The anatomy of the human body becomes even more otherworldly in El Greco's mature works; for The Virgin of the Immaculate Conception El Greco asked to lengthen the altarpiece itself by another 1.5 ft (0.46 m) "because in this way the form will be perfect and not reduced, which is the worst thing that can happen to a figure".
A significant innovation of El Greco's mature works is the interweaving between form and space; a reciprocal relationship is developed between the two which completely unifies the painting surface.

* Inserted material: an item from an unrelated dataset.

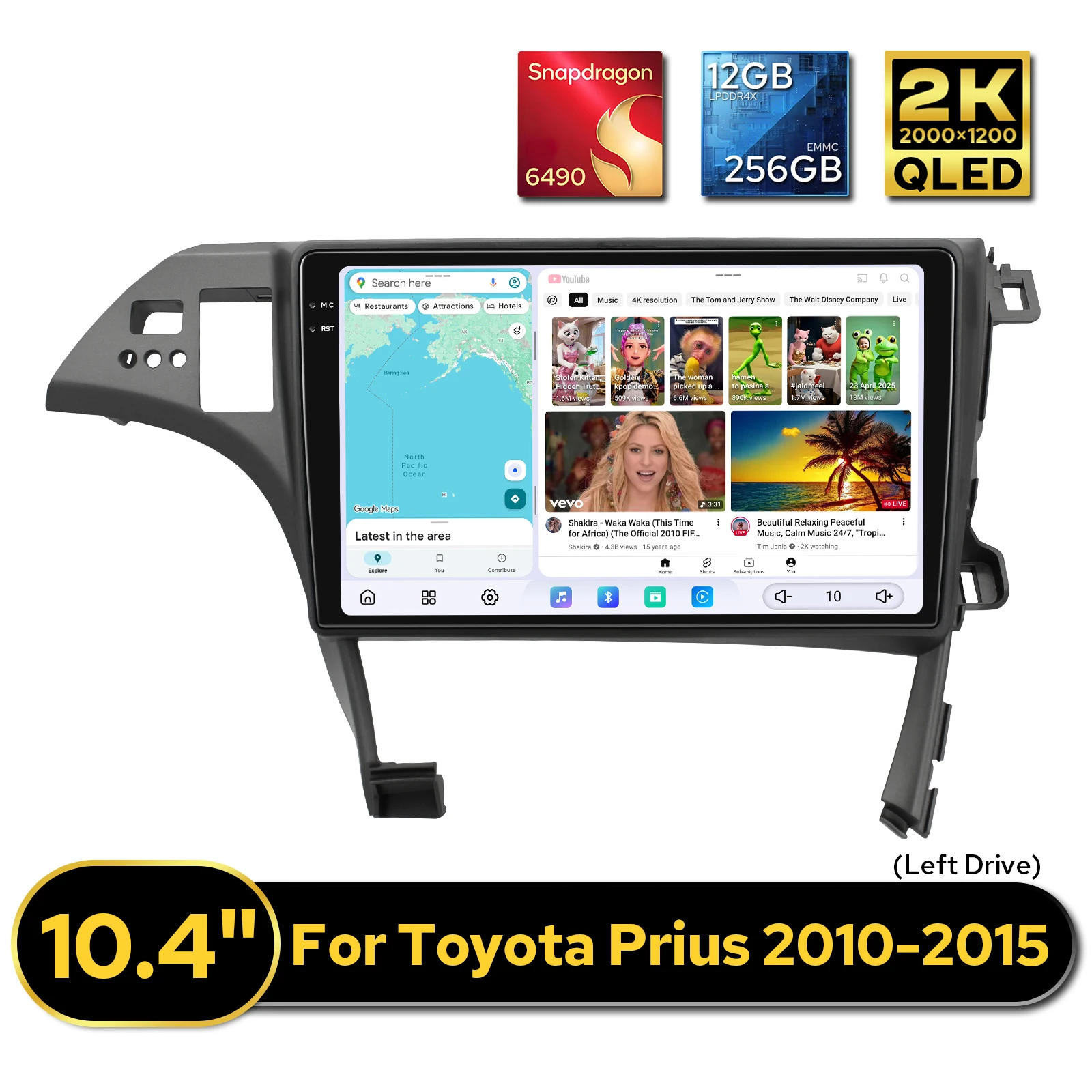 JOYING Android Head Unit for Toyota Prius 2010 2011 2012 2013 2014 2015 Gen 3 LHD Stereo Radio Wireless CarPlay 12GB+256GB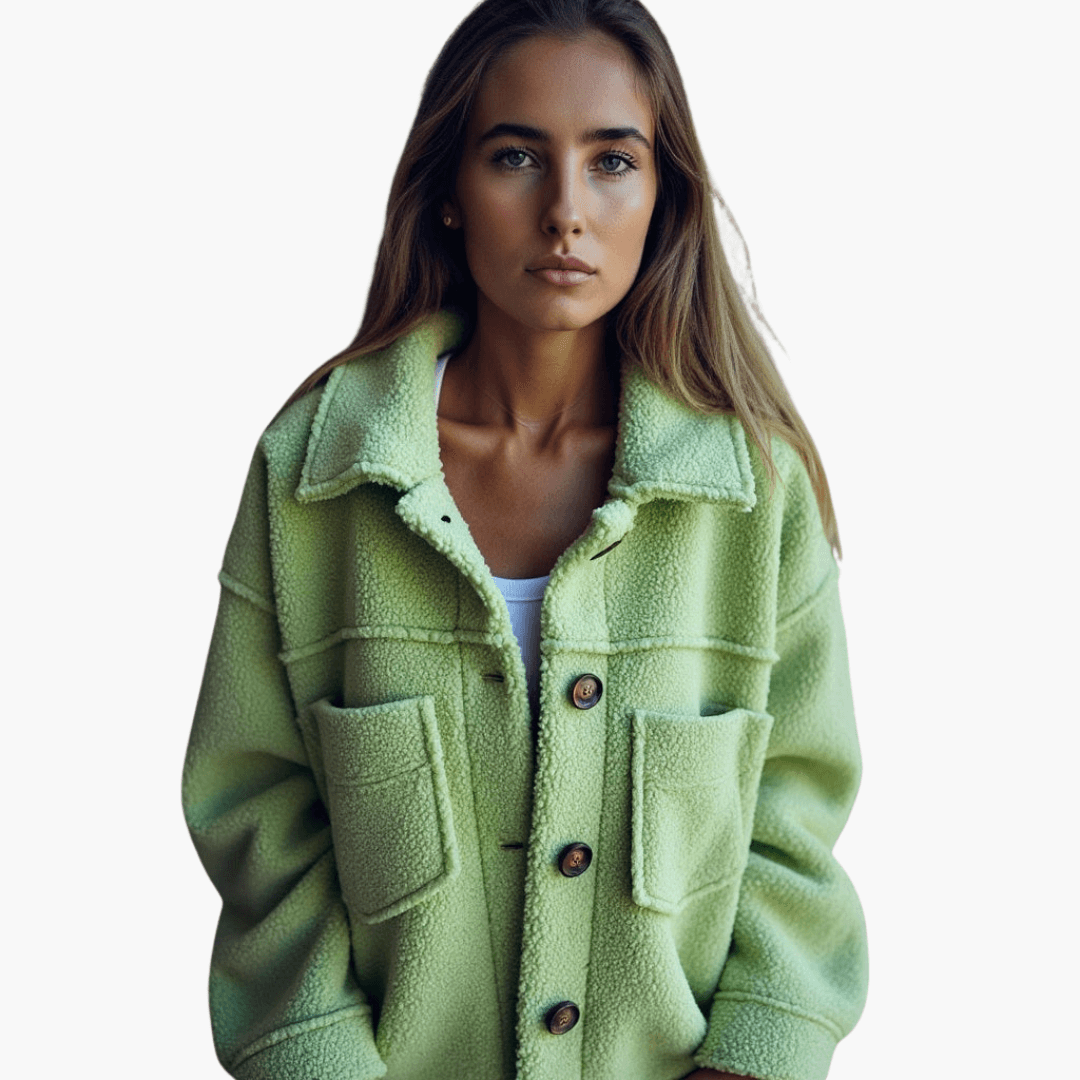 Dames Fleece Jack met Knopen – Knus & Warm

This interweaving would re-emerge three centuries later in the works of Cézanne and Picasso.
Another characteristic of El Greco's mature style is the use of light.
As Jonathan Brown notes, "each figure seems to carry its own light within or reflects the light that emanates from an unseen source".
Fernando Marias and Agustín Bustamante García, the scholars who transcribed El Greco's handwritten notes, connect the power that the painter gives to light with the ideas underlying Christian Neo-Platonism.
Modern scholarly research emphasizes the importance of Toledo for the complete development of El Greco's mature style and stresses the painter's ability to adjust his style in accordance with his surroundings.


Harold Wethey asserts that "although Greek by descent and Italian by artistic preparation, the artist became so immersed in the religious environment of Spain that he became the most vital visual representative of Spanish mysticism.
He believes that in El Greco's mature works "the devotional intensity of mood reflects the religious spirit of Roman Catholic Spain in the period of the Counter-Reformation".

El Greco also excelled as a portraitist, able not only to record a sitter's features but also to convey their character.
His portraits are fewer in number than his religious paintings, but are of equally high quality. Wethey says that "by such simple means, the artist created a memorable characterization that places him in the highest rank as a portraitist, along with Titian and Rembrandt".